First, check out out the Archive’s Senior Analyst Kate Doyle testifying in Guatemala City about the 1984 disappearance of Guatemalan union leader Fernando Garcia at the hands of the former Guatemalan security service.
A recent study conducted by CREW (Citizens for Responsibility and Ethics and Washington) shows that the new government initiatives to increase information freedom have yet to yield major results. In short, while CREW commends the Obama administration for its stated effort to implement the Freedom of Information Act (FOIA) more effectively, the speed and efficiency of FOIA has not yet improved. Additionally, the survey shows that discontent among FOIA officers is high.
Quill magazine largely seconds CREW’s analysis.
According to US Secretary of Defense Bob Gates, the Wikileaks’ exposure of classified Afghanistan documents did not reveal any US sources or methods. The documents did name Afghans who cooperated and collaborated with US forces, therefore exposing them to danger. Despite this, there has been no reported evidence of the Taliban carrying out retribution attacks.
One of the many travails of transferring the detainees at Guantanamo Bay into the US legal system is a special category of prisoner: those who are deemed too dangerous to release but also “not feasible for prosecution.” When Judge Henry Kennedy ordered the release of one of these “problem detainees,” a disturbing episode occurred. Kennedy’s opinion handled classified information and was mistakenly left unredacted and posted on the court’s website. The mistake was corrected almost immediately, and a second version was released. Disturbingly, Propublica’s comparison of the two shows that while classified information has been removed, the opinion has also been substantially rewritten in a way that skews the facts of the case.

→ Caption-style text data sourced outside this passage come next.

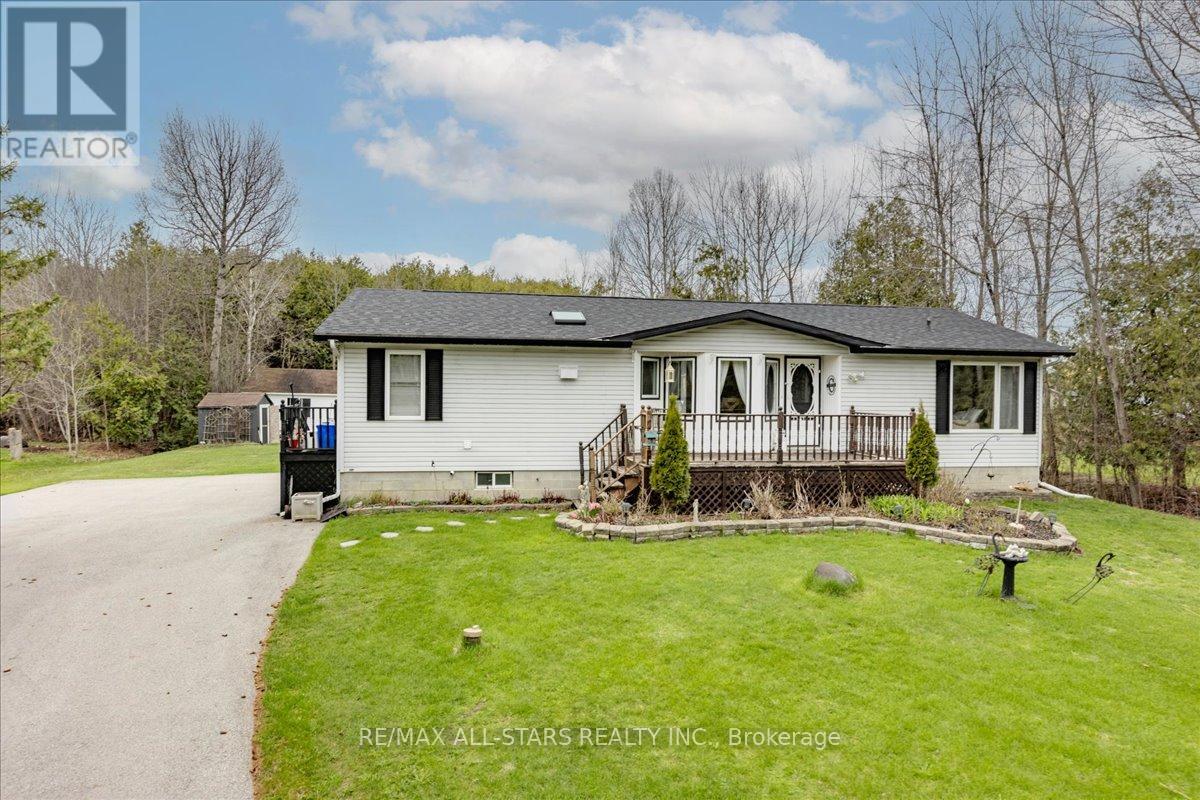 26576 PARK ROAD - 37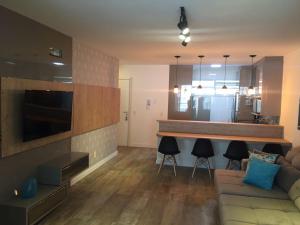 roomin l Marine Home Resort I Cachoeira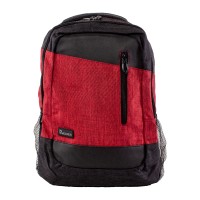 Рюкзак Radder BIRGU червоний 212008-650 изображение 2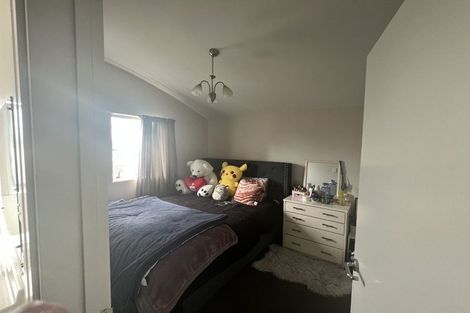 Photo of property in 3/272 Stanmore Road, Richmond, Christchurch, 8013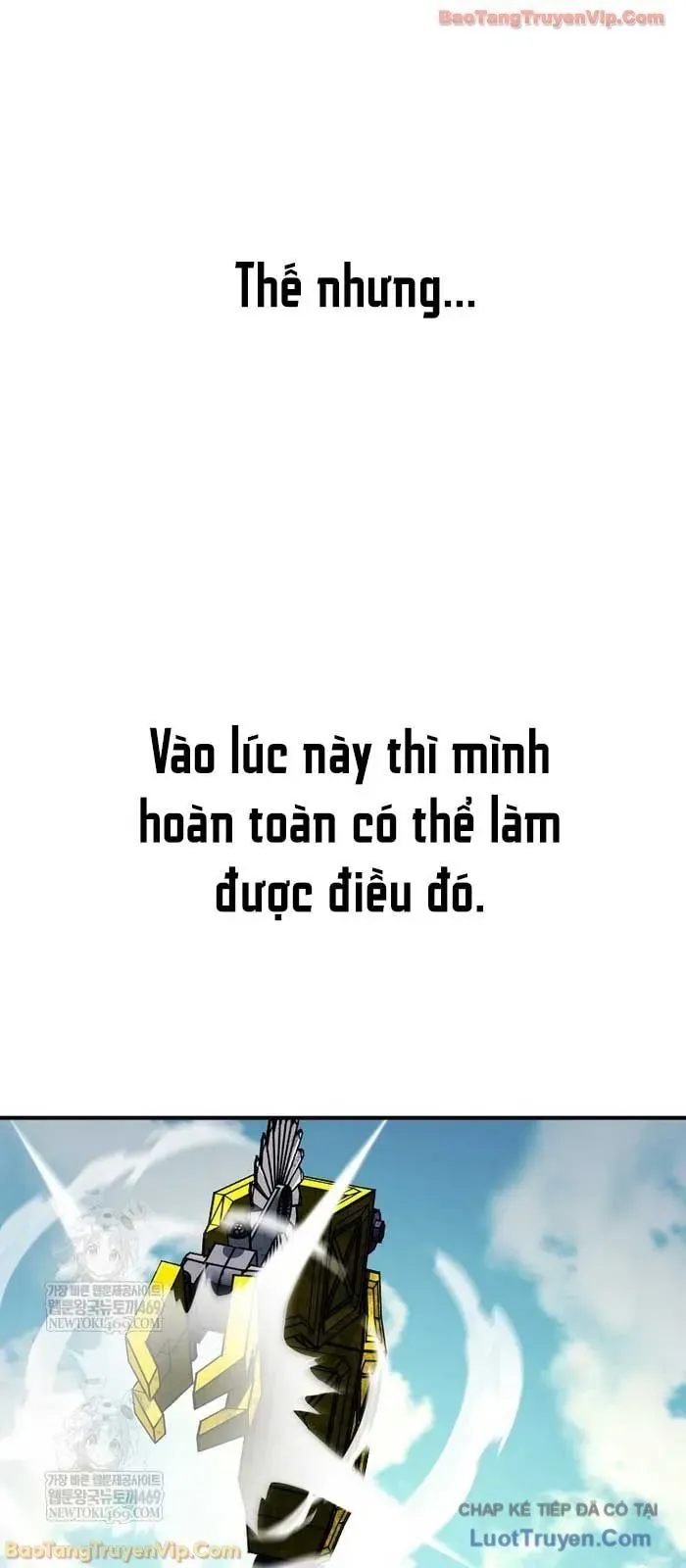 Trở Thành Kẻ Phản Diện Mà Anh Hùng Ám Ảnh Chap 36 - Next Chap 37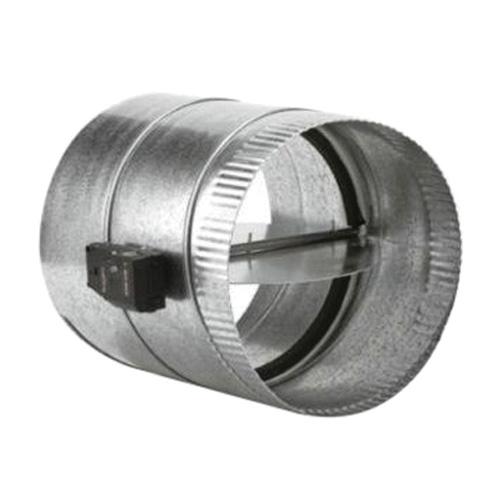 Zonefirst® RDP14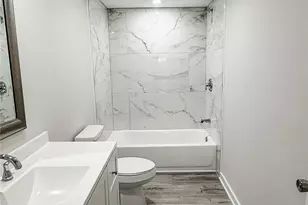 537 Maske Rd, Mount Gilead, NC 27306 - Photo 23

Read Steve Aftergood’s piece on over-classification at Foreign Policy.
And Secrecy News has also detailed the Obama Administration’s apparent double standard on declassification. Bob Woodward’s latest book –which exposed deep national security secrets– got nary a glance from the administration which prosecuted more leakers than any of its predecessors.
The latest prosecution is of an author who allegedly did not follow the instructions of the CIA’s Publication Review Board. A side note: the CIA contended in court that it did not have to disclose the author’s real name because “if defendant’s true name and affiliation with the CIA were officially acknowledged, foreign governments, enterprising journalists, and amateur spy-hunters would be able to discover and publicly disclose the cover methods defendant used to conceal his true status as a CIA officer.”
I wonder if any of you “amateur spy hunters” read this blog. (H/T Secrecy News).
Finally, read Walter Pincus’s elegant eulogy for the B-53 thermonuclear bomb. The B-53 –which yielded an explosion 600 times more powerful than the bomb dropped on Hiroshima– was the largest bomb in the US’s nuclear stockpile. Its rear compartment contained five parachutes because it was designed to sit softly on the ground before exploding and –as the plan went– destroying the USSR’s underground nuclear fallout bunkers.